“How much do you know about snakes?” someone asked recently when calling Plum Creek Nature Center. Answering the phones at a nature center is great way to keep you on your toes. Questions can range from what business hours are to people wanting to book a campsite to “Help! I found this animal. What do I do now?”
The person who called to ask how much we knew about snakes had caught a snake near their barn. It was rattling its tail and hissing.
“Is this a rattlesnake? What should I do?” they asked. After asking a few more questions, I was able to sleuth it out. No, it wasn’t a rattlesnake, but a fox snake acting tough.
Where was this snake found?
This particular snake was found near a barn, which is typical for western fox snakes. These snakes prefer farm fields, open grasslands and prairies, and forest edges. In addition to western fox snakes, there are also eastern fox snakes. The eastern fox snakes prefer wetter, marsh areas. These snakes are more active during the day in spring and fall while the weather is cooler. During the summer they stay hidden during the heat of the day.
The western fox snakes and eastern fox snakes do not live in the same parts of the United States. Western fox snakes live mostly in Illinois, Iowa and Wisconsin. Eastern fox snakes live farther east, in parts of Michigan and Ohio.
What does this snake look like?
Fox snakes are longer snakes, measuring 3 feet to 5 feet long. They have tan bodies patterned with dark brown blotches. Their scales have some texture, and they are slightly bumpy or keeled. The underside is a cream color with scattered dark squares. Western fox snakes can have coppery orange heads with flat snouts. Young snakes have the same pattern as the adults, but are lighter in color with hues of gray.
How is the snake behaving?
Western fox snakes will put on a show in hopes of not getting eaten. When a predator gets too close, they will rattle their tails like a rattlesnake does. But if you look closely, there is not a rattle on the end of a western fox snake’s tail. However, because these snakes are usually found on the ground around dry grasses and leaves, the rattling motion hits the vegetation, which in turn makes a loud rattling sound.
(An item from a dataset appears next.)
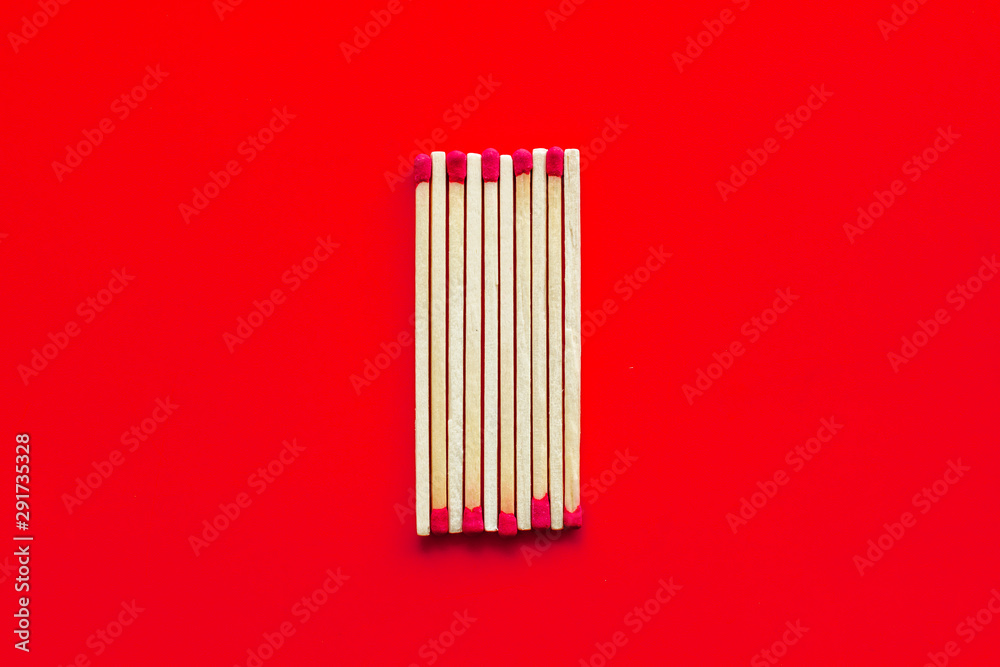 Matches for danger concept on red background top view Matches for danger concept on red background top view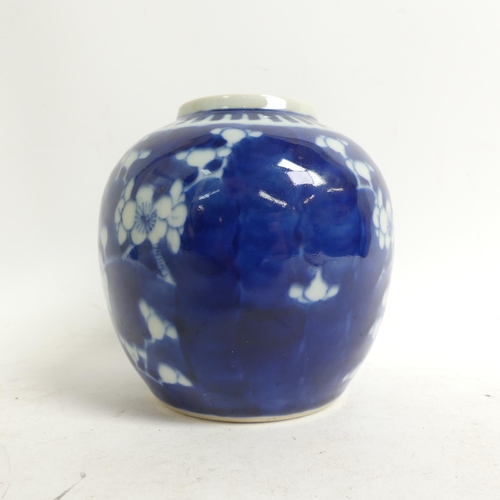 628 - A Chinese blue and white sleeve vase with prunus decoration, H20cm, with 4 character mark to the bas...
Just like a dog will bark at something to make it back away, a snake will hiss. “Pleassssssse give me my ssssspace,” the snake is saying. Lastly, if a predator is still in pursuit, a snake has one more defense. It will release a musk, which is unpleasant to taste or smell. Fox snakes supposedly have musk that smells like a fox. This could also signal to predators that it is dealing with something bigger than a snake!
After reassuring the caller that what they caught was a fox snake and not a rattlesnake, they asked, “Well what do I do with it?” These kinds of questions are very common. What is its purpose, and why should I care for this snake?
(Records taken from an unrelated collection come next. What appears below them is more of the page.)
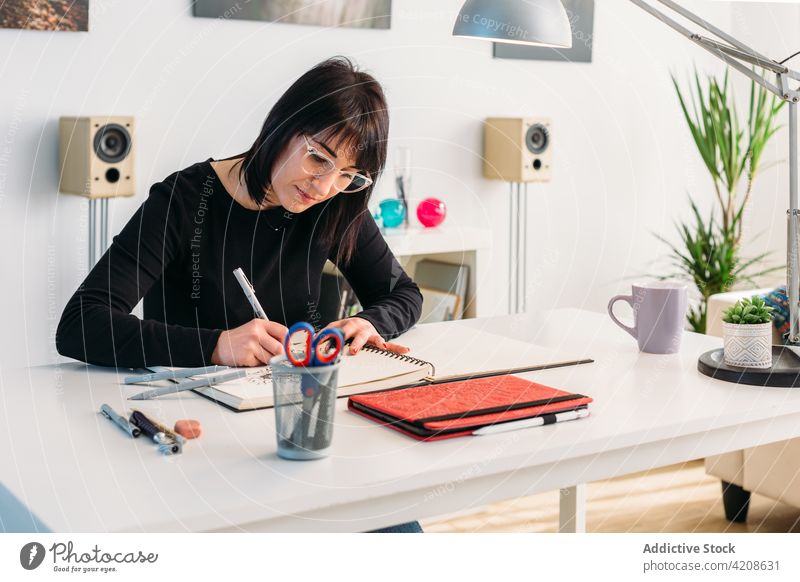 Creative woman drawing in sketchbook at home artist notepad creative talent female table room sit hobby imagination living room skill notebook inspiration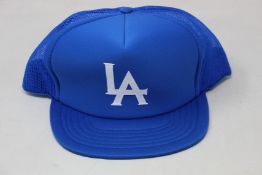 A quantity of as new blue LA baseball caps.
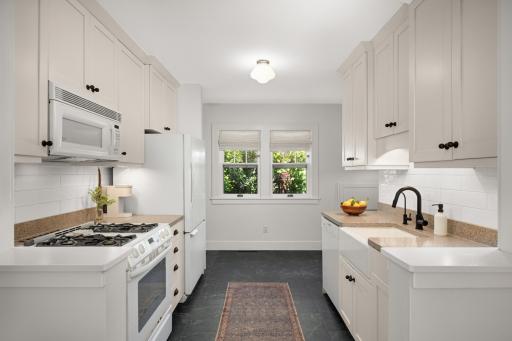 Enamel white kitchen cabinets with matt black hardwood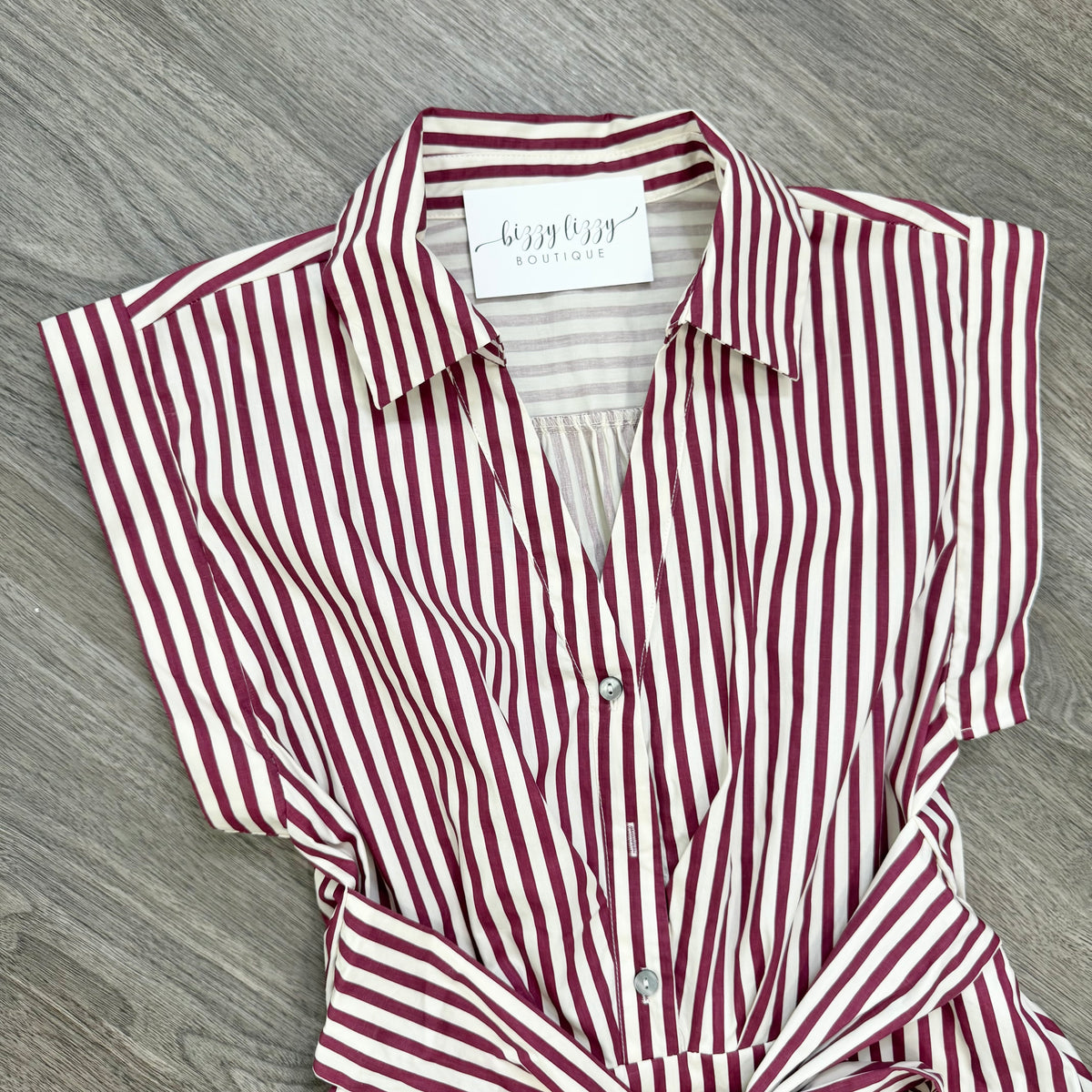 A burgundy and cream striped short-sleeve button-up shirt with a tie waist, laid flat on a gray wood-textured surface. The brand label reads 'Bizzy Lizzy Boutique'.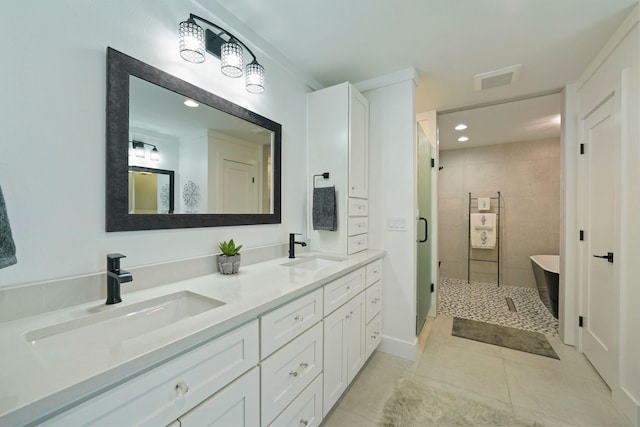 237 Sandy Cay Dr, Miramar Beach, FL 32550 - bathroom with double vanity, tile patterned floors, a freestanding tub, a shower stall, and recessed lighting
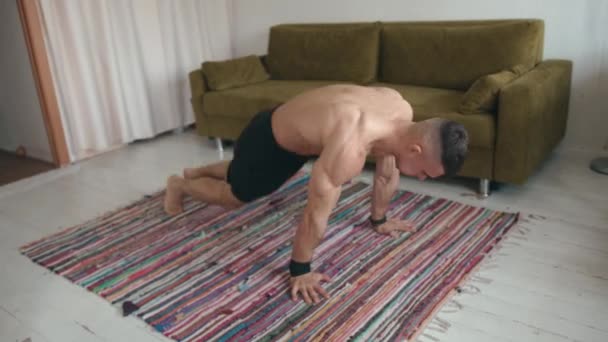 Un joven musculoso con un torso desnudo entrenando en su habitación en una alfombra y hace saltos y flexiones — Vídeo de stock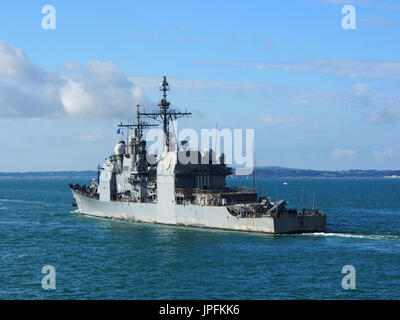 Portsmouth, Hampshire, UK. 01st Aug, 2017. The USS Philippine Sea, CG-58, a Flight II Ticonderoga-class guided missile cruiser, leaves Portsmouth Harbour after a week long visit along with other ships involved in Operation Inherent Resolve, the Global Coalition’s fight against ISIS. Credit: simon evans/Alamy Live News Stock Photo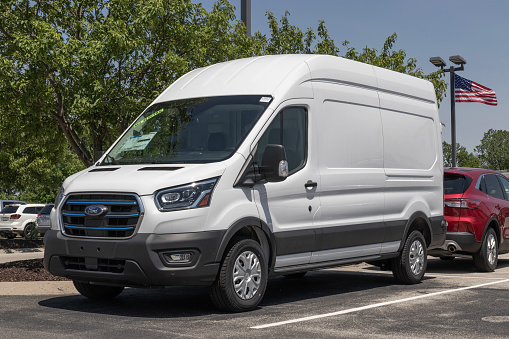 Fishers - Circa May 2023: Ford E-Transit Cargo Van display at a dealership. Ford offers the E-Transit in Cargo Van, Chassis Cab or Cutaway models.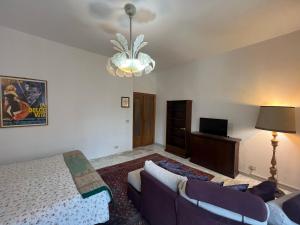 Postel nebo postele na pokoji v ubytování corte degli ulivi in roma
First off, fox snakes are nonvenomous. They are constrictors that would rather squeeze their prey than bite. They really don’t want to take on giants. Unfortunately, because they put on a good act and mimic rattlesnakes, people kill them, thinking they will hurt us.
Secondly, these snakes are a strong links in the food chain. Western fox snakes eat mice, voles, eggs, birds and baby rabbits. Plus, bigger things like coyotes, hawks and owls eat them. So, my answer to what should I do with it was, “Release it and let it go to work! How lucky to find it near a barn. The fox snake will keep your mice population under control.”
I am happy to report the caller agreed. How great to have an animal that helps out on the farm!